編集だよりー 2009年1月29日編集だより

2009.01.29

小岩井忠道

 岩波ホールで、グルジアの映画「懺悔」(テンギス・アブラゼ監督)を見る。1度観たがいくつか気になるところがあるので2回目である。

 内容は実に多くのことを含んでおり、世界中で大きな関心を呼んだ作品だと十分に分かる。さらに内容以前にも驚くことが多い映画だ。グルジアがソ連の中に完全に組み込まれていた時期の1984年につくられた、というのがまずすごい。粛正に次ぐ粛正を重ねたことで知られるスターリンを思わせる主人公が出てきて、似たような恐怖政治を行う内容なのである。ゴルバチョフ・ソ連共産党書記長によるペレストロイカ政策が打ち出されたのは、1986年。映画が完成して2年後のこの年にグルジアの首都で公開され、翌87年にモスクワで公開され大勢の観客が観たという。ソ連の解体という世界史上でも大変な出来事と歩調を合わせるように作られ、鑑賞された映画と言えそうだ。

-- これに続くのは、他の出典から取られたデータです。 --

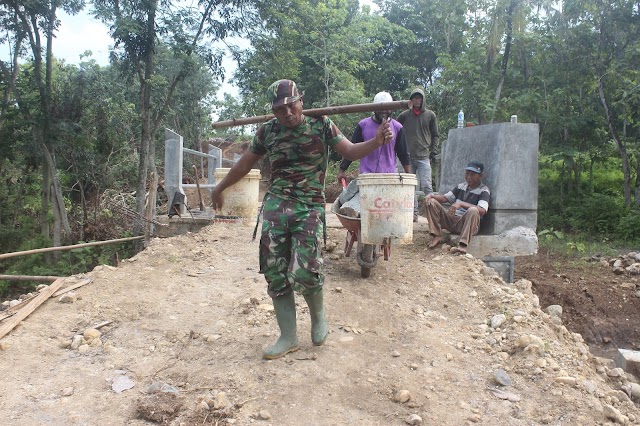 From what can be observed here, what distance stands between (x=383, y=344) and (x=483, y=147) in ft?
12.0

 モスクワでの公開からさらに22年、日本で初めて一般公開されたことについてもなかなかの理由がある。全世界が注目する作品の世界配給権を買った米国の会社が、当たりそうもないという理由で日本の公開を見送ってしまったというのだ。世界配給権がロシアに戻ったのを機に、ようやく日本でも一般公開が可能になったということだった。

 さて、内容である。一度観て一番気になったのが、冒頭と幕切れの場面の関係だった。少女時代に独裁者に両親を連れ去られ、粛正された主人公の自宅兼ケーキ店らしきところで、客とおぼしき男が新聞を読んで大声を挙げ、嘆き悲しむところが導入部である。新聞に大きく載った死者の写真を眺めた主人公が、冷ややかな言葉を客に送る。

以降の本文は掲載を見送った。